Cette absence de prise en compte du milieu n’est plus vraie pour les recherches dont l’approche théorique repose sur la sociologie des organisations (et de l’action organisée) qui fait référence pour l’étude des loisirs sportifs de nature depuis quelques années (Mounet, 2000 ; Paget, 2003 ; Perrin-Malterre et Mounet, 2009 ; Massiera, 2003). Cependant, si dans ces théories l’environnement est pris en compte, il est considéré comme extérieur à l’organisation (micro et macro-environnement) ou au contexte d’action (pré-structuration de l’action organisée), et constitue, pour le macro-environnement, une sorte de boîte noire dont sont issues des contraintes « globales » sur lesquelles les acteurs n’ont pas de prise. Pour des activités controversées, en forte prise avec le milieu naturel et humain, milieu sur lequel les acteurs en présence semblent vouloir agir, il paraît limitatif de distinguer des acteurs et un environnement (avec lequel ils peuvent interagir ou non) et une étude en termes de réseau pourrait être une voie plus fructueuse. Le cas précis des loisirs motorisés hors route sera ensuite développé pour montrer en quoi cela serait judicieux.

Par ailleurs, des études en géographie sociale ont porté sur la territorialisation d’activités de loisir de nature (Mao, 2003), se limitant à une analyse à des échelles locales, les différentes logiques d’action étant mises au jour ; il s’agit d’analyses micro-géographiques. Une approche par les cultures a également été proposée par certains auteurs dont Jean Corneloup. Là encore, l’approche est locale, les auteurs étudiant les marquages culturels de territoires touristiques. Les interactions avec des échelles plus petites, pouvant aller jusqu’aux scènes nationales, voire internationale, ne sont pas étudiées ici.

Enfin, quelques études commencent à prendre appui sur des cadres nouveaux tels que ceux de la sociologie de la traduction ou de l’acteur-réseau (Feillet, 2002 ; Rech, 2010). Ces théories semblent permettre de prendre en compte les interactions ente acteurs et milieux. Néanmoins, là encore il s’agit d’études locales ne mettant pas nécessairement en lumière les interrelations entre échelles (du local au national).

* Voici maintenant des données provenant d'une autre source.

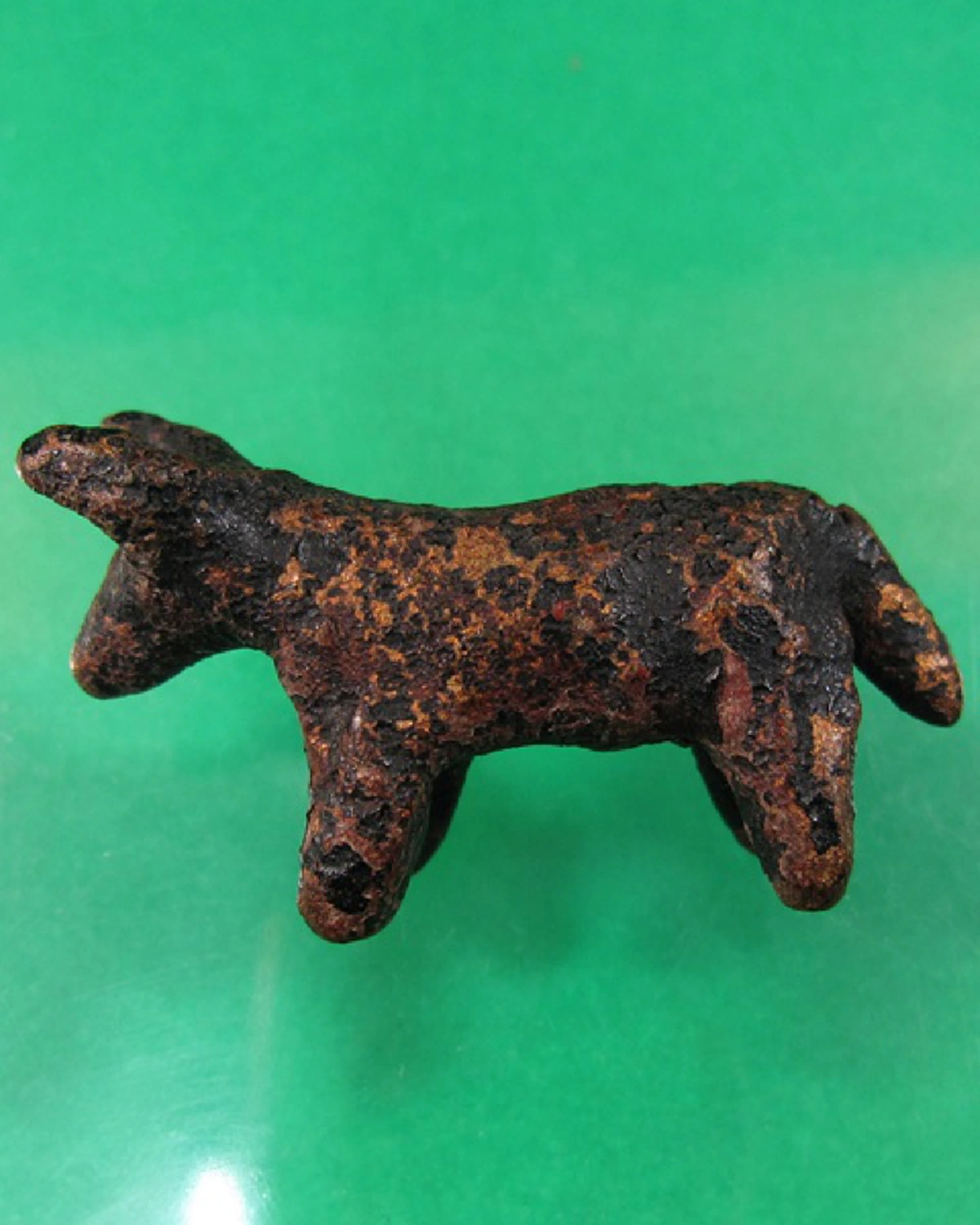 ดวงตาสีแดงเหมือนลูกไฟลุกของวัวสีดำตัวใหญ่มาก..เมื่อ"เสือผาด"จอมโจรชื่อดังเจอวัวธนู "หลวงพ่อน้อย" ..ต้องหันหลัง เผ่นอย่างเดียว.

Nous allons nous attacher à montrer en quoi les théories de l’acteur-réseau semblent incontournables pour notre objet de recherche et comment aller au-delà en faisant appel aux outils de l’analyse structurale des réseaux ; la perspective de nos recherches étant d’étudier la nature des liens entre scène nationale et scènes locales autour des pratiques de loisir motorisé hors route, afin de « localiser le global » (Latour, 2006, 253) et de « redistribuer le local » (Latour, ibid, 279).

Contextualisation – les loisirs motorisés hors route, des activités controversées

Nous entendons par loisirs motorisés hors route les activités dont le cœur repose sur l’utilisation d’engins tout-terrain terrestres, à savoir, le 4x4, la moto ou le quad, et qui se déroulent en France sur les chemins – légalement – mais qui en débordent parfois. Ces activités sont régies par la loi sur la circulation des engins motorisés dans les espaces naturels du 5 janvier 1991 appelée loi Lalonde.